{arrow}s auto-detection of column types is causing me some trouble when opening a large csv file. In particular, it drops leading zeroes for some identifiers and does some other unfortunate stuff. As the dataset is quite wide (a few hundred cols) and I don't want to set all schema values manually, I would like to somehow programatically set it.
A good start would be to convert all columns to character when opening the dataset with arrow::open_dataset
. Or correct the existing datase_connection$schema
object for particular columns.
However, I was not able to find out how to do so.

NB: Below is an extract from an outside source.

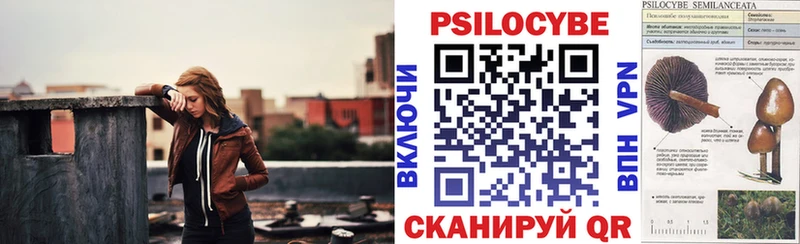 Галлюциногенные грибы Psilocybine cubensis  Купить где  Верхотурье 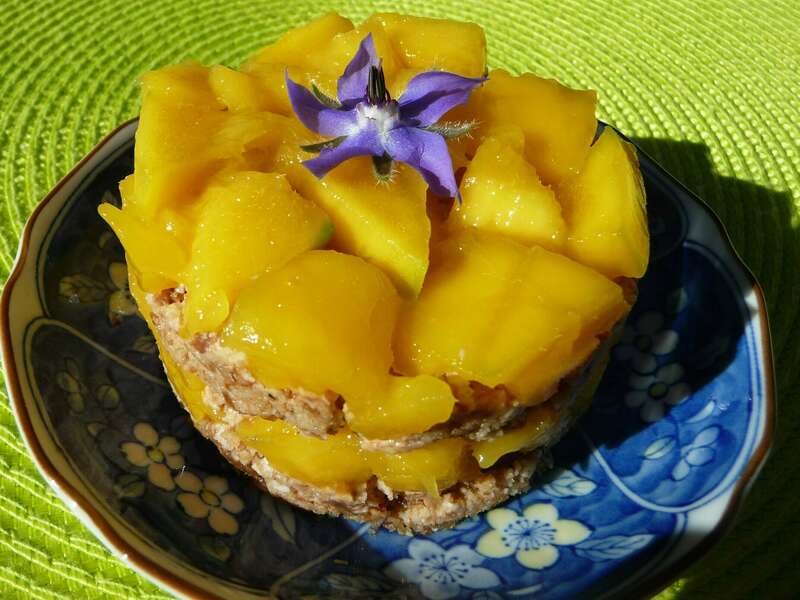 Biscru moelleux à la mangue, l'Instant cru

When you use arrow::open_dataset()
you can manually define a schema which determines the column names and types. I've pasted an example below, which shows the default behaviour of auto-detecting column names types first, and then using a schema to override this and specify your own column names and types. The example here does this programmatically as requested but you can define a schema by hand too.
library(arrow)
write_dataset(mtcars, "mtcars")
# opens the dataset with column detection
dataset <- open_dataset("mtcars")
dataset
#> FileSystemDataset with 1 Parquet file
#> mpg: double
#> cyl: double
#> disp: double
#> hp: double
#> drat: double
#> wt: double
#> qsec: double
#> vs: double
#> am: double
#> gear: double
#> carb: double
#>
#> See $metadata for additional Schema metadata
# define new schema automatically
chosen_schema <- schema(
purrr::map(names(dataset), ~Field$create(name = .x, type = string()))
)
# now opens the dataset with the chosen schema
open_dataset("mtcars", schema = chosen_schema)
#> FileSystemDataset with 1 Parquet file
#> mpg: string
#> cyl: string
#> disp: string
#> hp: string
#> drat: string
#> wt: string
#> qsec: string
#> vs: string
#> am: string
#> gear: string
#> carb: string